§ Work required: Every line from the one with "Taksim Trio Tuvana" through the end of the entries below should be written out exactly; the pictures should not.

§ Supplied entries:
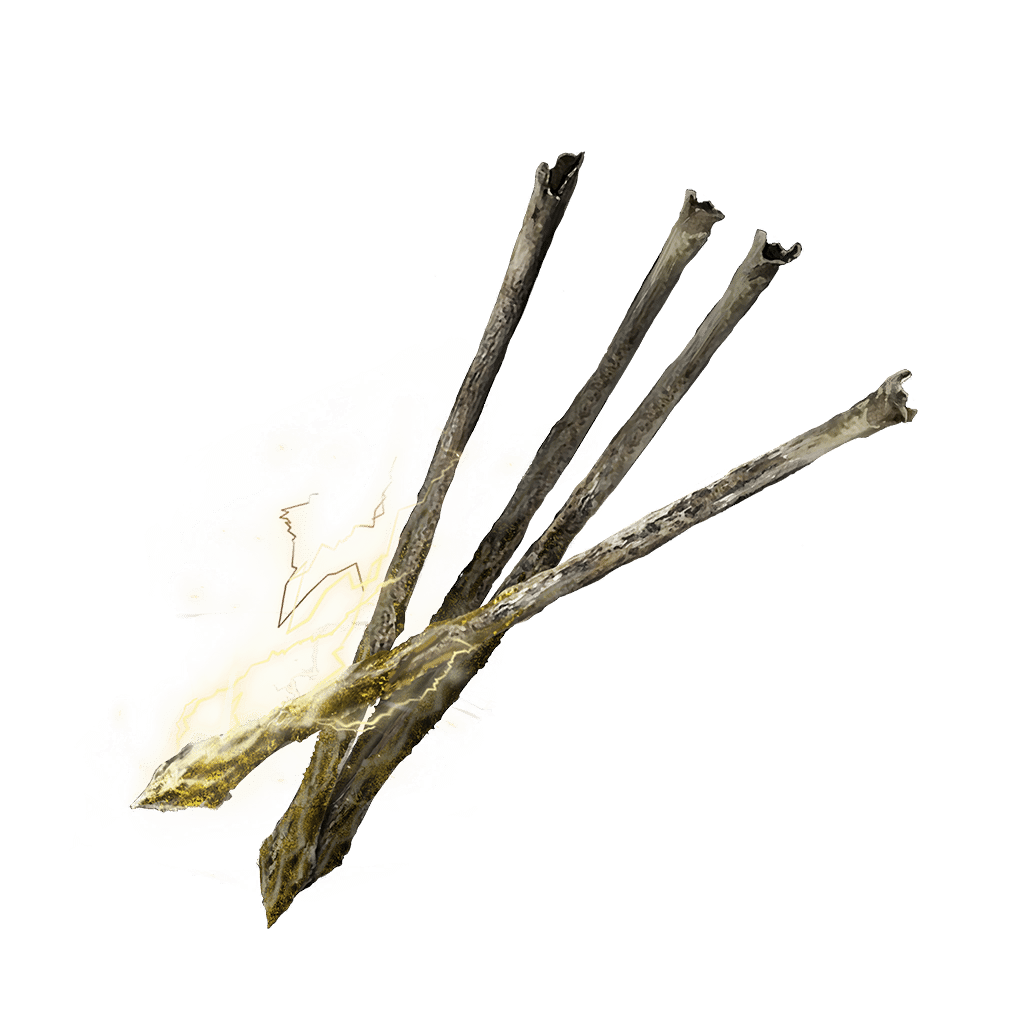 17224 Lightningbone Bolt ammo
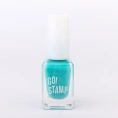 Go!Stamp Stamping Polish - 45 Blue Lagoon 6ml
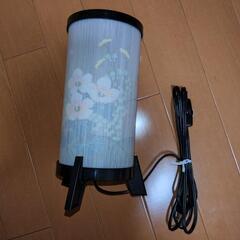 (お話中)LED提灯の画像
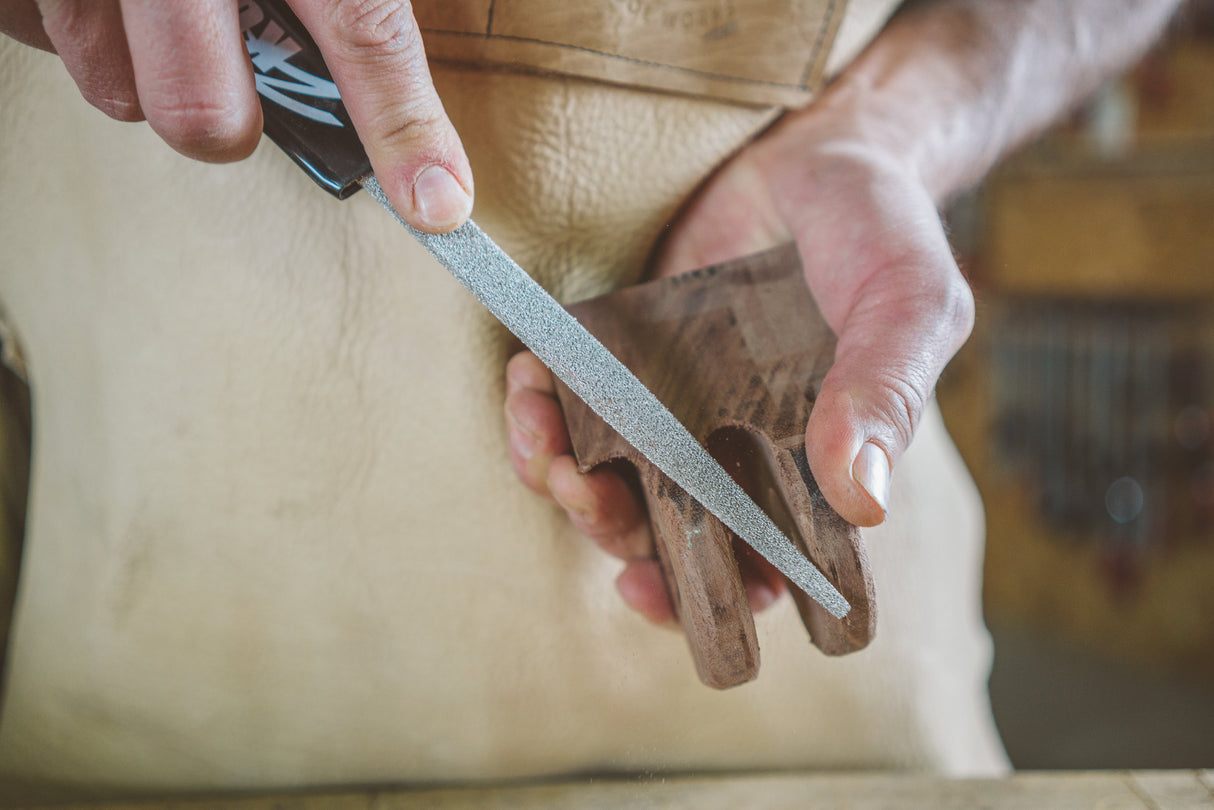 Warding Rasp - Original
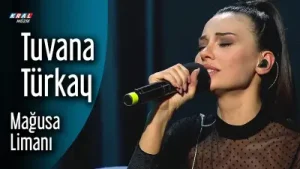 Taksim Trio Tuvana Türkay Mağusa Limanı Albüm Kapağı
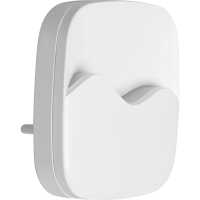 OSRAM HOMELIGHTING LUNETTA Wave White LED nachtlamp met schemerschakelaar LED Wit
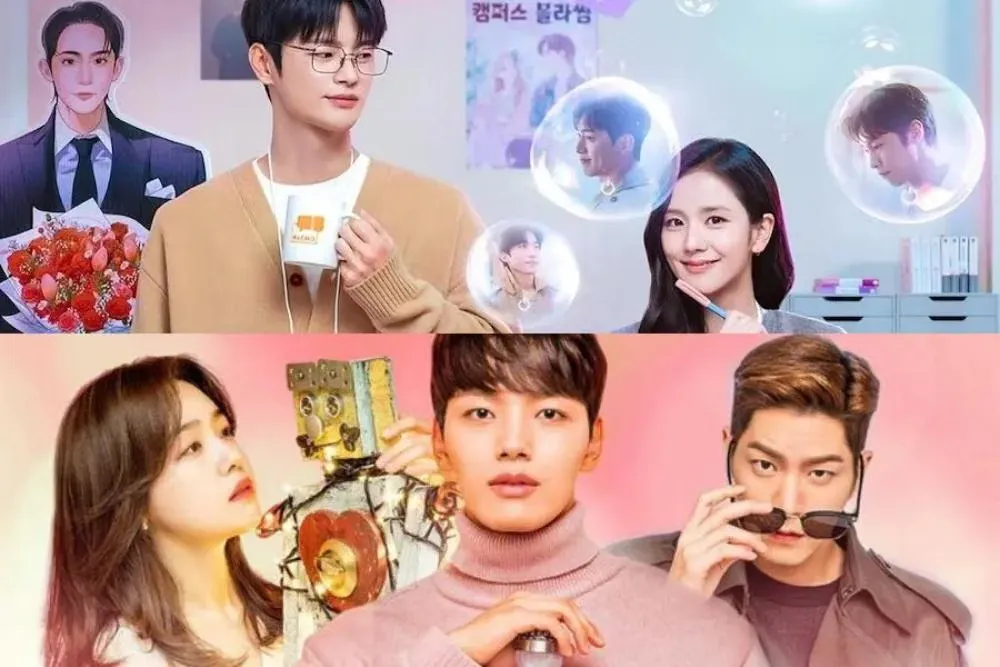 Panduan Lengkap Drakor Romantis Bertema Teknologi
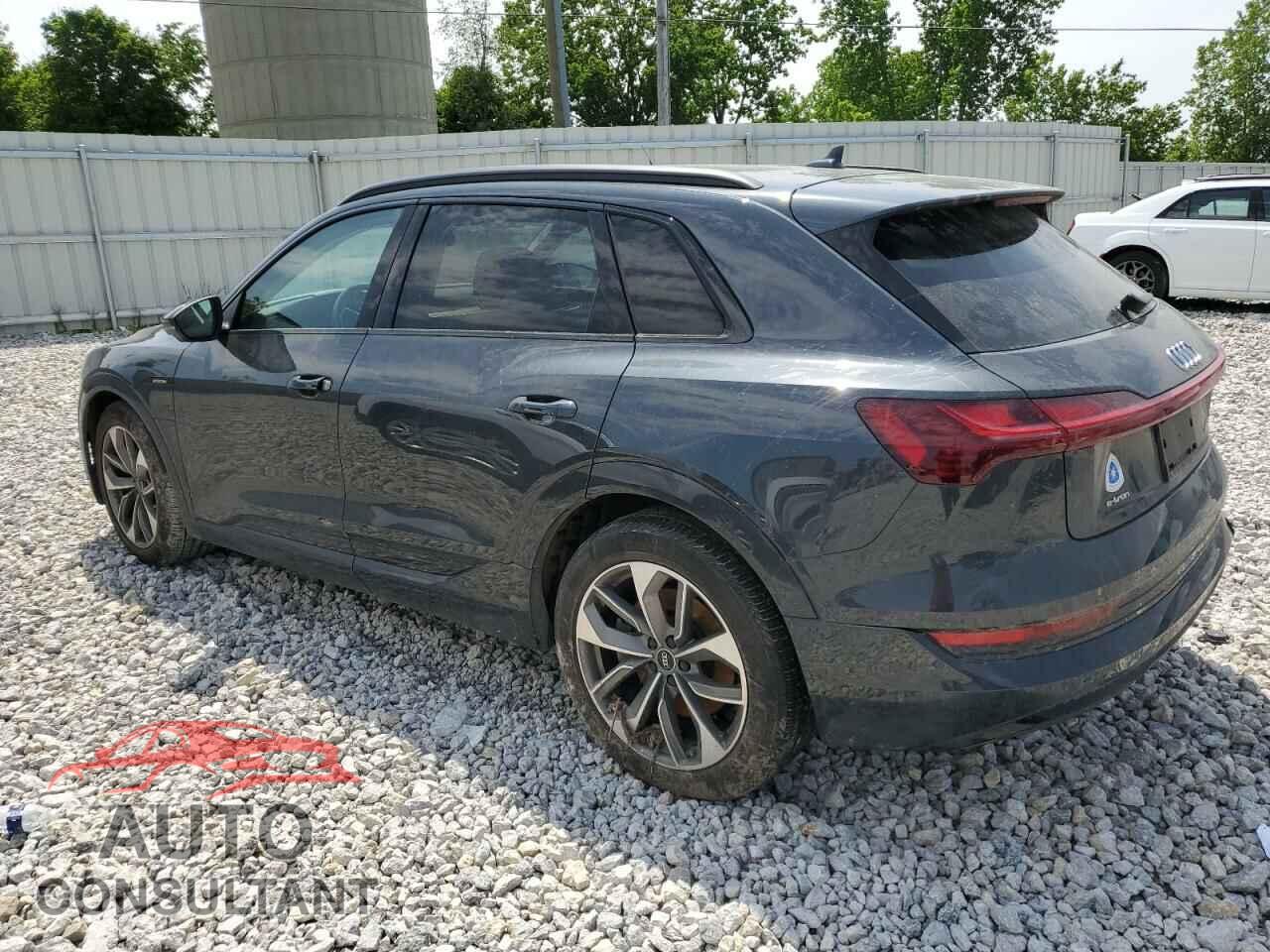 AUDI E-TRON 2021 - WA1LAAGE9MB030040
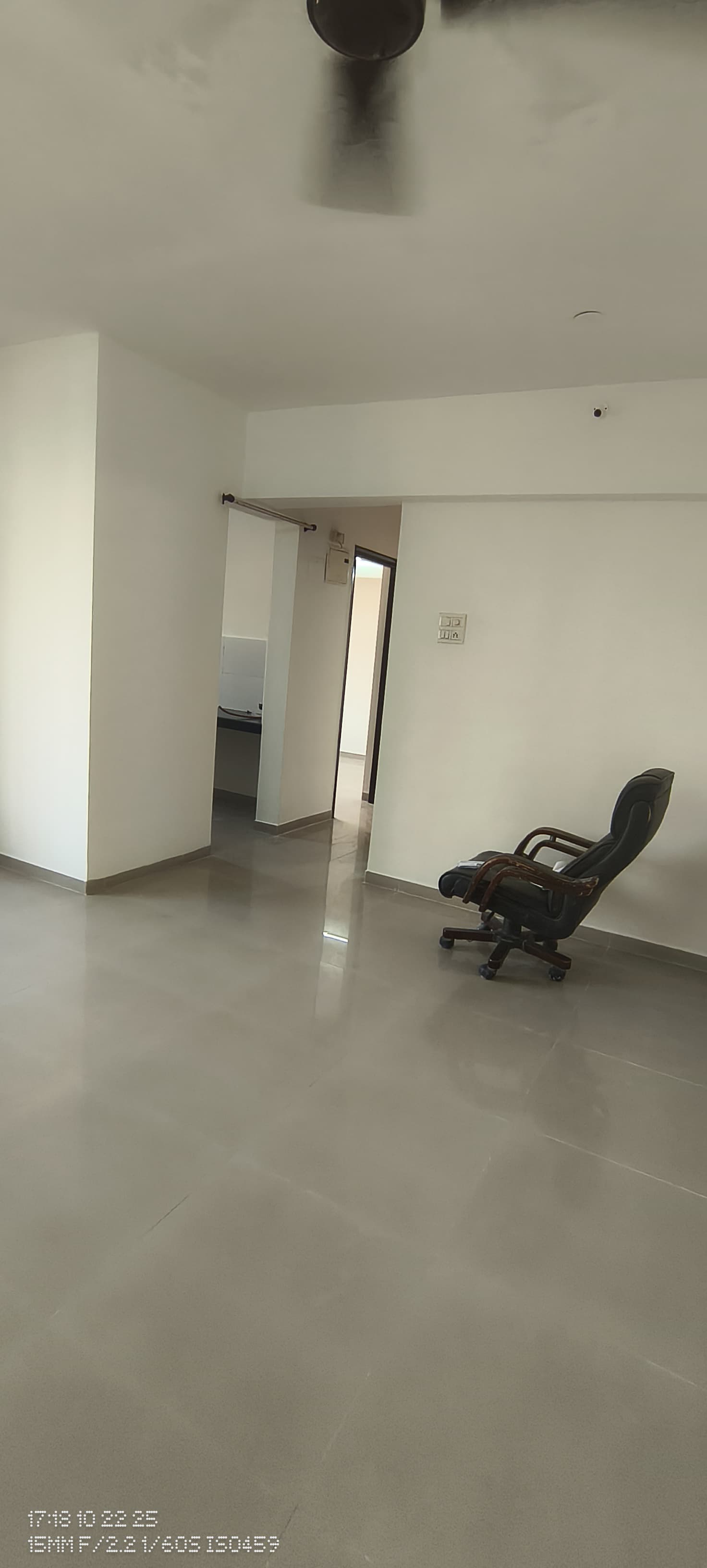 2 BHK + Extra Room 808 Sq.Ft. Apartment in Squarefeet Grand Square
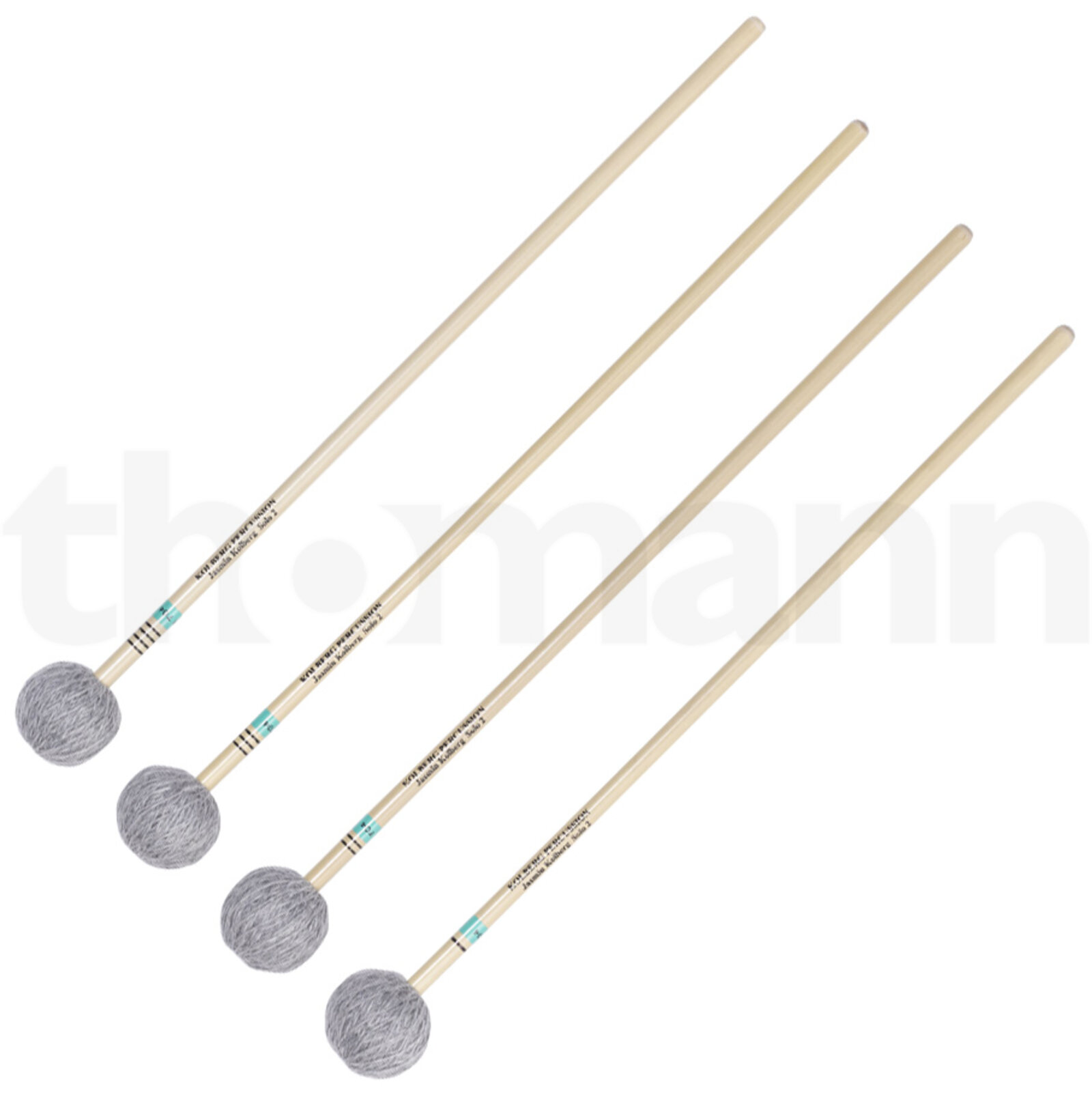 כלי הקשה תזמורתי Kolberg R704 Marimba Mallets 2 כלי הקשה תזמורתי Kolberg R704 Marimba Mallets – תמונה 2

§ Response area:
 Taksim Trio Tuvana Türkay Mağusa Limanı Albüm Kapağı
 OSRAM HOMELIGHTING LUNETTA Wave White LED nachtlamp met schemerschakelaar LED Wit
 Panduan Lengkap Drakor Romantis Bertema Teknologi
 AUDI E-TRON 2021 - WA1LAAGE9MB030040
 2 BHK + Extra Room 808 Sq.Ft. Apartment in Squarefeet Grand Square
 כלי הקשה תזמורתי Kolberg R704 Marimba Mallets 2 כלי הקשה תזמורתי Kolberg R704 Marimba Mallets – תמונה 2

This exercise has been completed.